Provided data: Begin

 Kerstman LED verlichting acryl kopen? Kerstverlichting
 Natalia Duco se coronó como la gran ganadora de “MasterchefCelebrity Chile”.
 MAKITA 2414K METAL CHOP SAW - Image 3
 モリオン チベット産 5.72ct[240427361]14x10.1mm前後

Provided data: End
Provided data: Begin

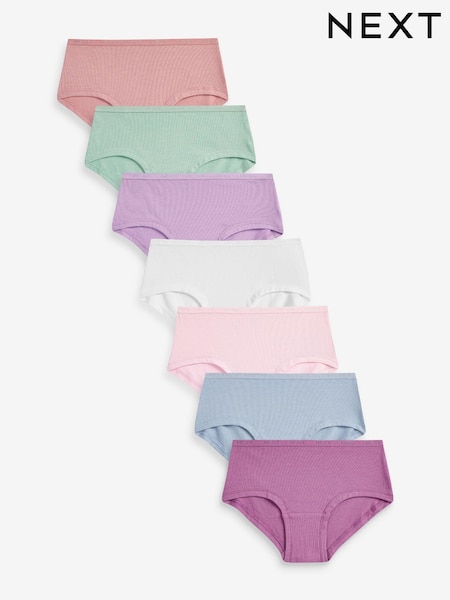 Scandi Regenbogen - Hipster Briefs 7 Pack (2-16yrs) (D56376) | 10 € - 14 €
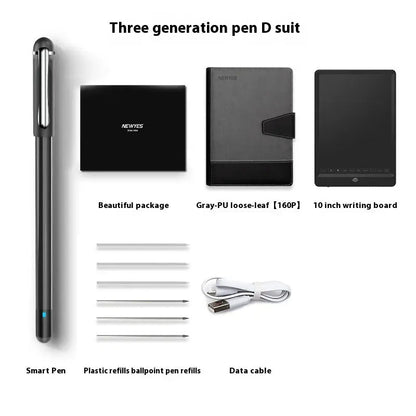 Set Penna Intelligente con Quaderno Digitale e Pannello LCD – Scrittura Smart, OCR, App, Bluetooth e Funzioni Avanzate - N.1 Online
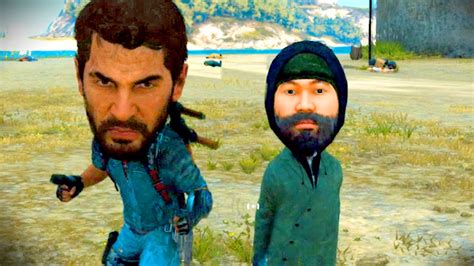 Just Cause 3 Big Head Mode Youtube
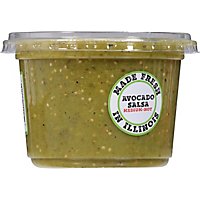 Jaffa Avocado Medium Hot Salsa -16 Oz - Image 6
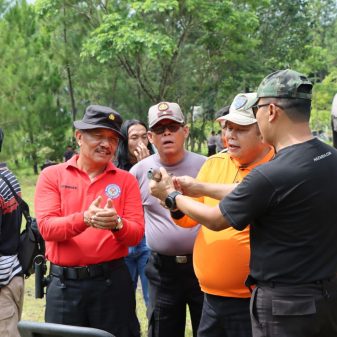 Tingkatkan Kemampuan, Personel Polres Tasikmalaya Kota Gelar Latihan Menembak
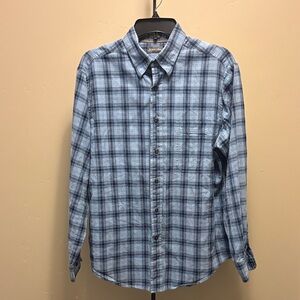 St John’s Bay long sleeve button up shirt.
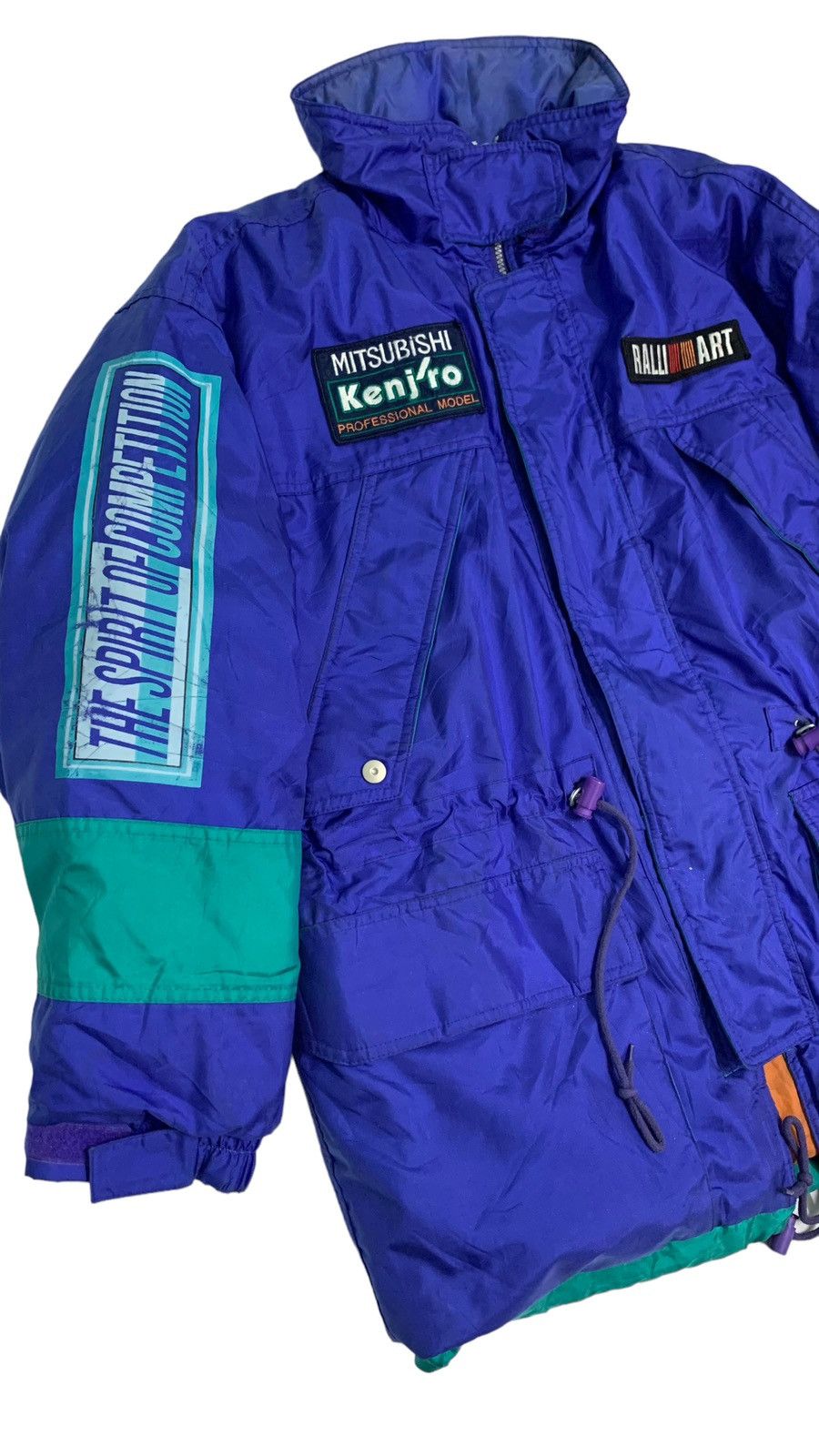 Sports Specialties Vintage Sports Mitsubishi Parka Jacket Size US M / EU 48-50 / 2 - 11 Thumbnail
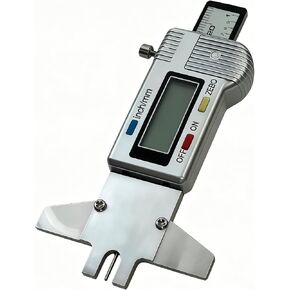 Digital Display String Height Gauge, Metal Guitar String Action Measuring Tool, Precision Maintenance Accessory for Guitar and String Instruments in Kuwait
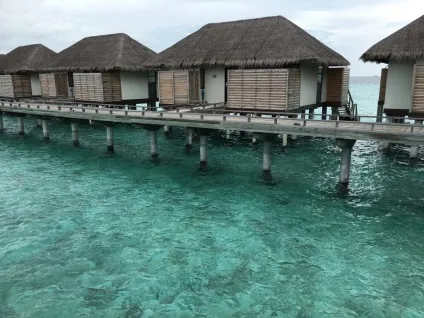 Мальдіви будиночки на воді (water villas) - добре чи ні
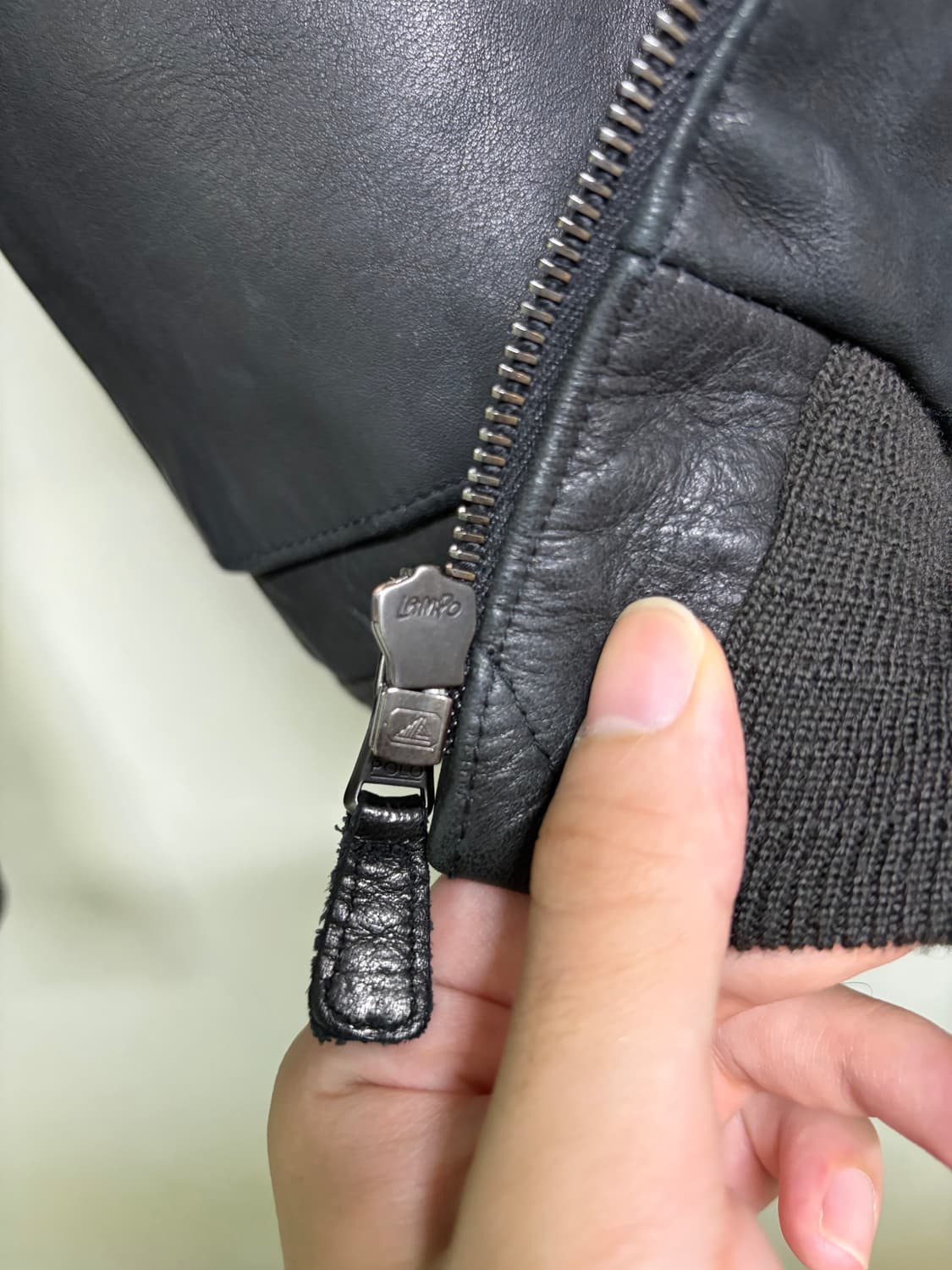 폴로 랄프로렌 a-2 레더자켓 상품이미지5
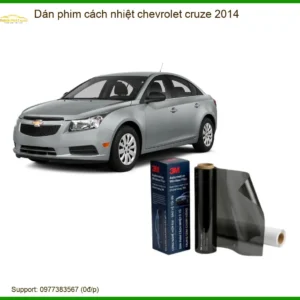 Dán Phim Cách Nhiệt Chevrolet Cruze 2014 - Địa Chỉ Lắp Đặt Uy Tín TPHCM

Provided data: End

Using the records above, write out exactly the lines between the one holding "Kerstman LED verlichting" and the one holding "モリオン チベット産 5.72ct[240427361]14x10.1mm前後", inclusive; leave everything else out.

 Kerstman LED verlichting acryl kopen? Kerstverlichting
 Natalia Duco se coronó como la gran ganadora de “MasterchefCelebrity Chile”.
 MAKITA 2414K METAL CHOP SAW - Image 3
 モリオン チベット産 5.72ct[240427361]14x10.1mm前後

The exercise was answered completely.